Two to three orders of magnitude gap.


9/ Honest scope: 2 models, 3 needles, 1 language (English), 1 domain (Wikipedia bio). 198 NIAH trials total.

The cliff might:

  • Sit higher for 8B+ models
  • Move with prompt format
  • Be reducible with long-context fine-tuning

If you can falsify it, we want the data.


10/ Full tech report (arXiv-style): github.com/quantumaikr/quant.cpp/blob/main/docs/paper/working-memory-cliff.md

HF blog post: [link when published]

Reproduce in 5 minutes: github.com/quantumaikr/quant.cpp/blob/main/bench/niah_test.sh

Pull requests welcome. /end


Posting strategy

  • Post #1 alone, wait 1-2 min for early signal
  • Then thread the rest as a single drop
  • Pin the thread on the project account
  • Cross-post the lead tweet to:
    • r/LocalLLaMA (with the title: "Measuring the working memory cliff of Llama-3.2-1B/3B: 198 NIAH trials, KV compression is bit-for-bit identical to baseline, both models fall off a cliff at <1% of nominal context")
    • HackerNews (Show HN: title)
  • Tag in HF post: @huggingface @abacaj @karpathy (only if they engage with edge-LLM benchmarking content; do not spam-tag)
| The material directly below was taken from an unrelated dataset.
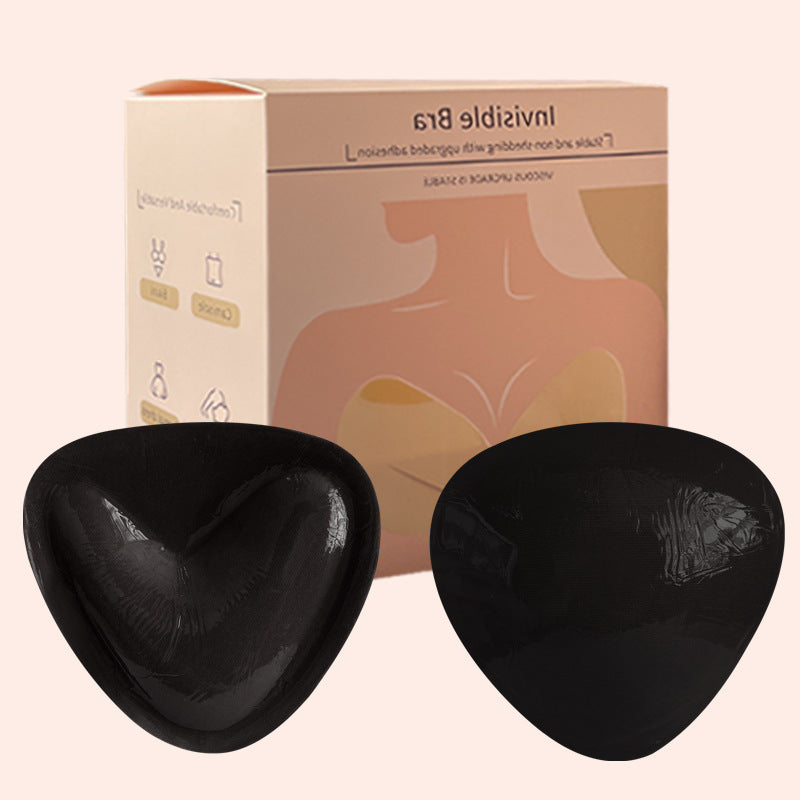 Thickened self-adhesive breast pads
Anticipated responses + drafts

Q: "n=9 is too small." A: We agree. Cliff-cell seed sweep with 5 seeds × 3 needles = 15/cell is in the tech report appendix. The headline cells have wider error bars; the cliff direction does not change.

Q: "Why not run 8B?" A: Tried. Q4_K_M GGUF on Metal runs at ~12 min per inference for 3B, not feasible for a 90-trial grid. We're working on the Metal Q4_K_M kernel; expect 8B numbers in v2.

Q: "Is this a quant.cpp bug? Does llama.cpp do the same?" A: We tested with the exact same Q8_0 GGUF. The cliff reproduces under both quant.cpp's default loader and the FP32-weights path (TQ_NO_Q4=1). It is not specific to a quantization scheme.

Q: "Did you try a system prompt?" A: We tried six prompt formats including system prompts, structured <<<DOCUMENT>>> delimiters, few-shot Q/A, and raw continuation. The simple format we report was the best of the six. Format-sensitivity is documented in §5.1 of the report.

Q: "RULER / LongBench would be better." A: Yes. RULER is the obvious next step and is in §8 (Future Work). This is a v1 measurement explicitly scoped to the question "where does the cliff sit at edge scale" — not a comprehensive long-context benchmark.